De nuevo, ¿por qué tanto impacto de aquellas expresiones tan simples? Es que es tan doloroso el seguimiento de Jesús cuando pareciera que uno va a contramano de los demás, que encontrar reflejos de caminar en una dirección semejante regala una satisfacción desproporcionada.
No son tiempos en los que ser católico traiga mucha honra, socialmente hablando. Seguramente hay lugares y culturas más o menos hostiles, pero creo que muchos confirmarían esta moción. En un sentido, la dificultad de convivir en contextos en los que ya no sólo no se aprueba sino que se reprueba la fe cristiana, de modo más o menos agresivo, creo que nos puede pesar a la mayoría de los creyentes. Lo digo sin victimismos y con el mayor de los respetos a quienes sufren verdadera persecución por la fe, que no es el caso donde yo estoy, pero con sinceridad, también, de que esto resulta una carga. En otro sentido, encuentro yo la dificultad de un misterioso y excesivo «pudor confesional». ¿Como si la fe se hubiera «privatizado»? Como si rezar juntos, hablar de Dios o mostrarse católico viniera atravesado por una timidez avergonzada, incluso entre hermanos en la fe.
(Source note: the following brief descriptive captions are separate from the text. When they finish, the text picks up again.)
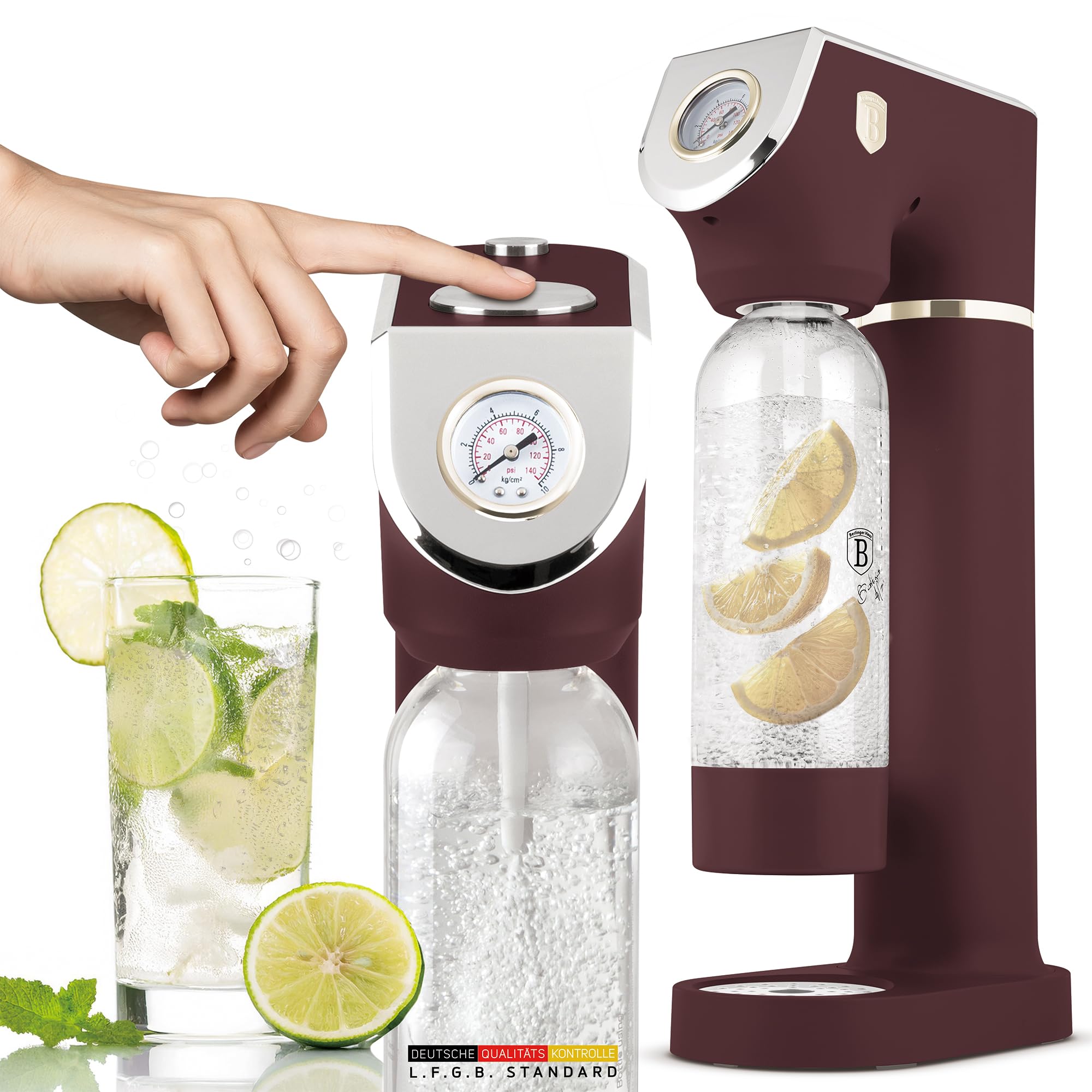 Berlinger Haus Wassersprudler Leonardo Collection – Wassersprudler ohne Strom – Sodamaschine – Mit Barometer – Mit 2 Flaschen (1,0 L & 0,5 L) – CO2-Zylinder kompatibel – Küchengerät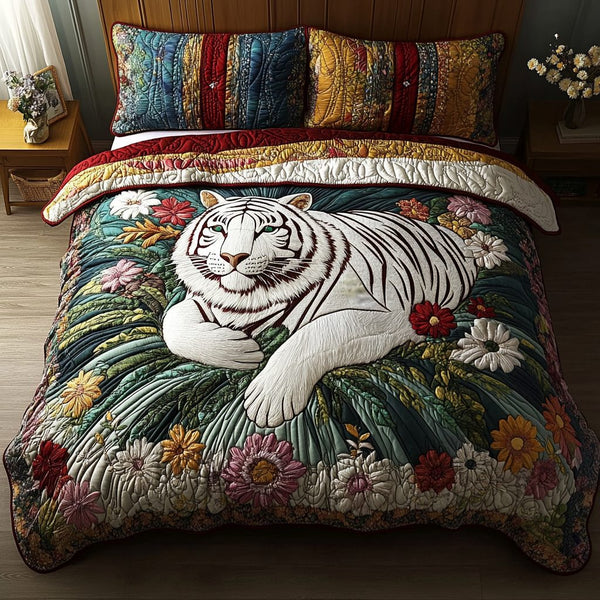 Fierce White Tiger quilted 3-piece bedding set on a made bed with two matching pillow shams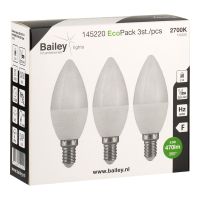 Bailey LED lamp E14 | Kaars C35 | Mat | 2700K | 5.5W (40W) | 3 stuks LBA00389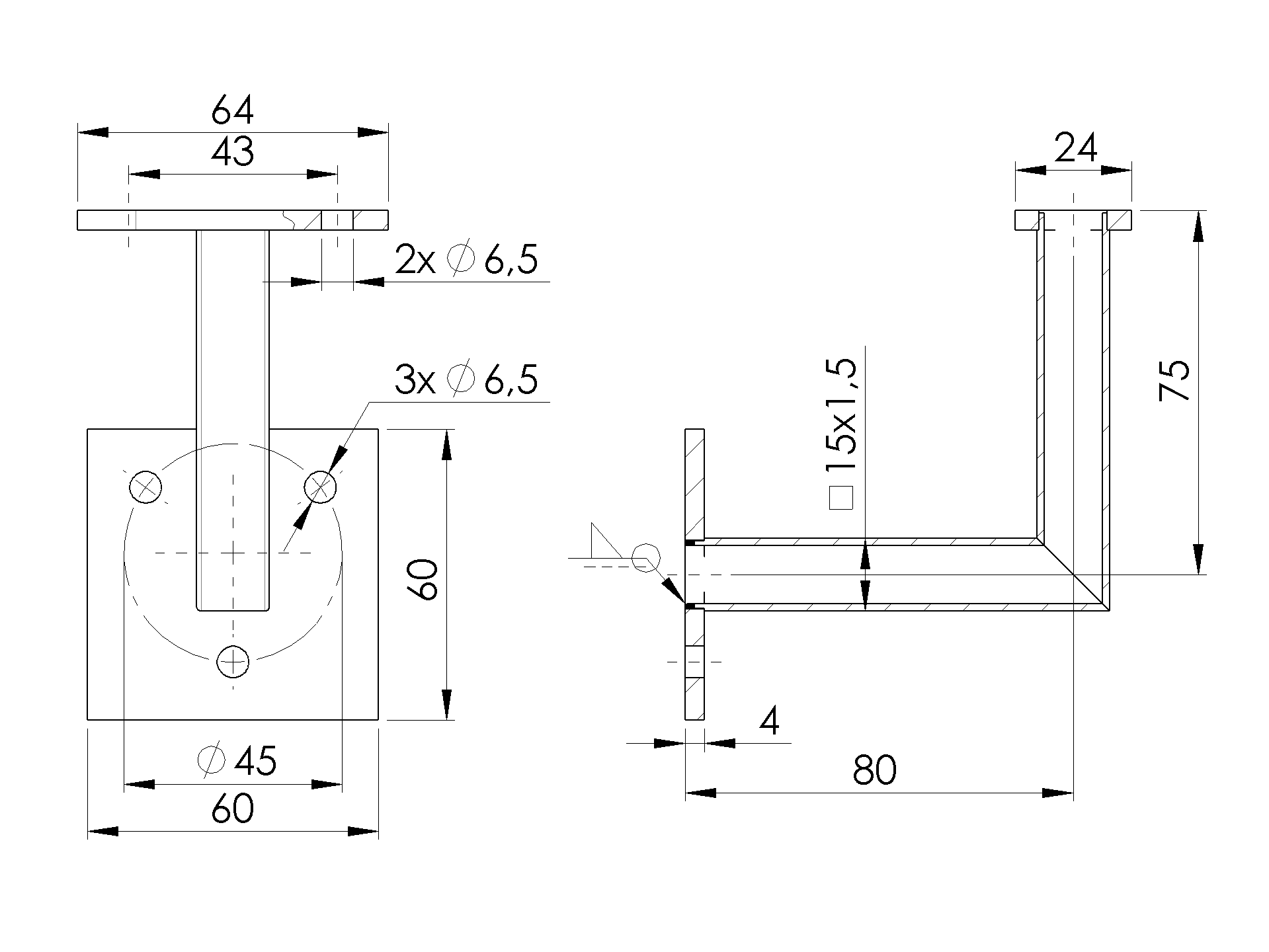 Handlaufhalter V2A geschliffen fuer LED-Beleuchtung-89-11A4111000LED-A.4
Descubro detrás de este respeto extremo una intención de no presionar al otro, de no fastidiar con un proselitismo que en otras épocas pudo haber forzado o atropellado con poca delicadeza los espíritus personales; incluso, en positivo, descubro un deseo de demostrar incondicionalidad en el amor, que uno no ama al otro por creer lo mismo sino por ser un hermano en la humanidad, porque el Dios que sigo es amor y amante de todos y de cada uno, y que esto a veces es el testimonio encarnado de un anuncio que no solo habla de amor sino que realiza de modo amable y amante.
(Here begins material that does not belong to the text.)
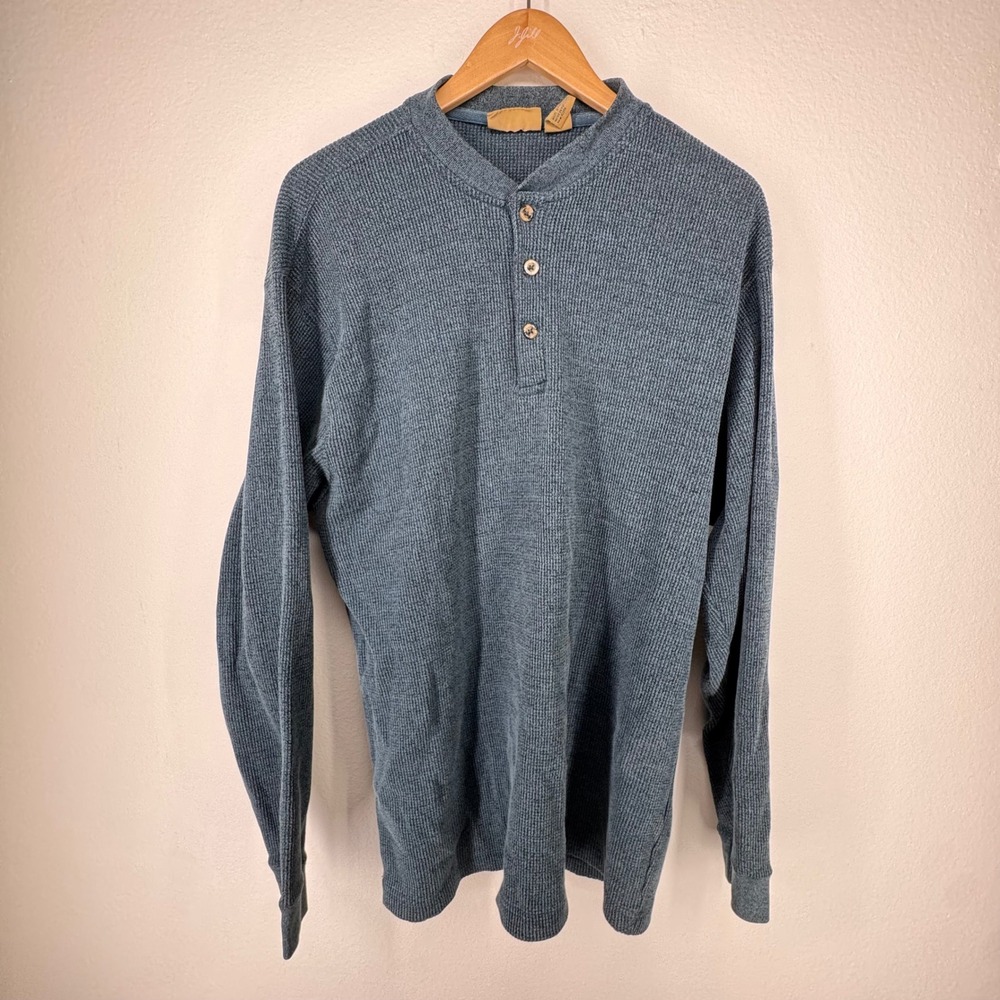 Vintage Mens Long Sleeve Waffle Knit Thermal Henley Shirt Size Large Button Blue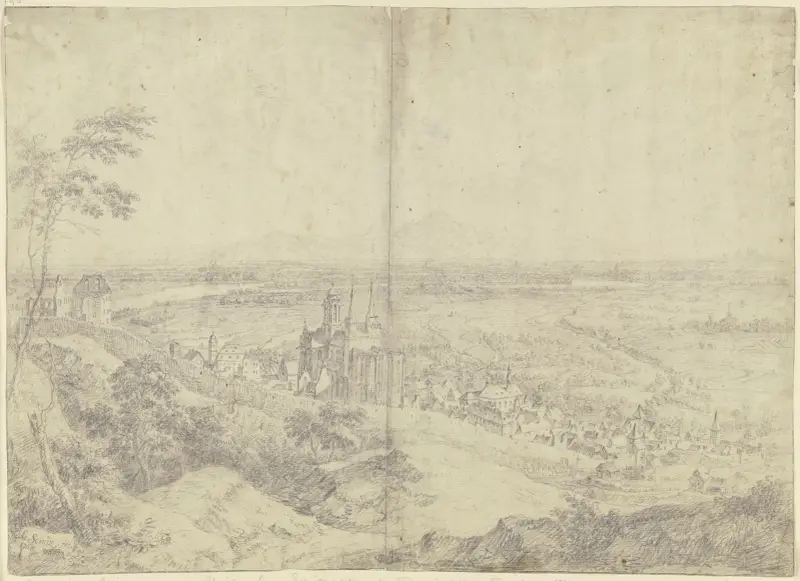 Blick auf Oppenheim am Rhein mit der Katharinenkirche, in der Ferne das Rheintal av Christian Georg Schütz the elder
Pero también, quiero admitirlo, a veces el respeto, la delicada pedagogía o la timidez cruzan a la orilla de la cobardía, y recomiendo con más pasión una hamburguesería que alguna manifestación hacia el amor de Dios. ¡Dios nos libre de estos puritanismos que ocultan lo mejor que tenemos para ofrecer! También nos siga librando Dios de atropellar con proselitismos, por cierto. Y aumente nuestra fe, mi fe, en que no estamos solos, en que el mensaje de Jesús transformó –salvó– de verdad infinidad de vidas y trae realmente una buena noticia para los corazones humanos. Que hay mucha buena gente creyendo y hay mucha gente queriendo creer, esperando compartir este seguimiento.
«¿Cómo creer, sin haber oído hablar de él? ¿Y cómo oír hablar de él, si nadie lo predica?» (Rom 10, 14). Por aquellos valientes que me contaron tu Nombre, te alabo, Señor. Y porque muchos sigamos pronunciando tu Nombre, te lo ruego, Señor.